Let’s face it: A mind-meld occurred five years ago between College Football and the College Football Playoff. It frames the entire conversation
around the sport now.
College football thrived for 145 years without a playoff at its highest level. The people who run the sport didn’t even make a concerted effort to pair the No. 1 and No. 2 teams against each other in bowl games until 1992. For most of its history, the postseason was college football’s side show, while the sport allowed the provincial eccentricities and traditions that have long defined its regular season to stand on their own.
Those carry less relevance over time because the CFP sucks more air out of the room every year. There’s less appreciation for things like conference championships and rivalry games because they really only seem to matter now in the context of how they impact the playoff picture.
Yet, some of the best stories in college football history have played out outside the national championship race. Take Northwestern’s 1995 run to the Rose Bowl, for instance. Today, it would spawn innumerable segments on “College Football Live” discussing the Wildcats’ worthiness of a spot in the playoff with a loss to Miami (Ohio) on their resume. Countless callers would be dialing up the “Paul Finebaum Show” to moan about the strength of NU’s conference schedule. Columnists would be asking if the rise of a non-name brand was bad for the Big Ten’s playoff hopes.
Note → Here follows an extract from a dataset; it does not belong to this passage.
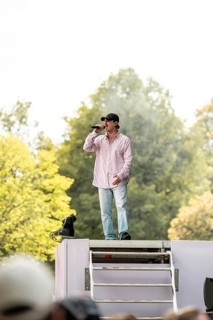 Support from Filow live at the Superbloom Festival in Munich's Olympic Park on 30.08.2026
That’s what happens when you build your sport around its postseason. When the little things matter less, the sport gets less enjoyable for everyone.
Admittedly, reviving the BCS wouldn’t put that genie back in the bottle. It’s still promising to crown one out of 130 teams as college football’s national champion, a fantastical idea in and of itself. It won’t stop people from fixating on who’s number one.
But the BCS was far closer to the soul of college football than what we have now. Moving backwards would be better for the sport than what is coming in the future as the playoff’s grip on college football grows tighter.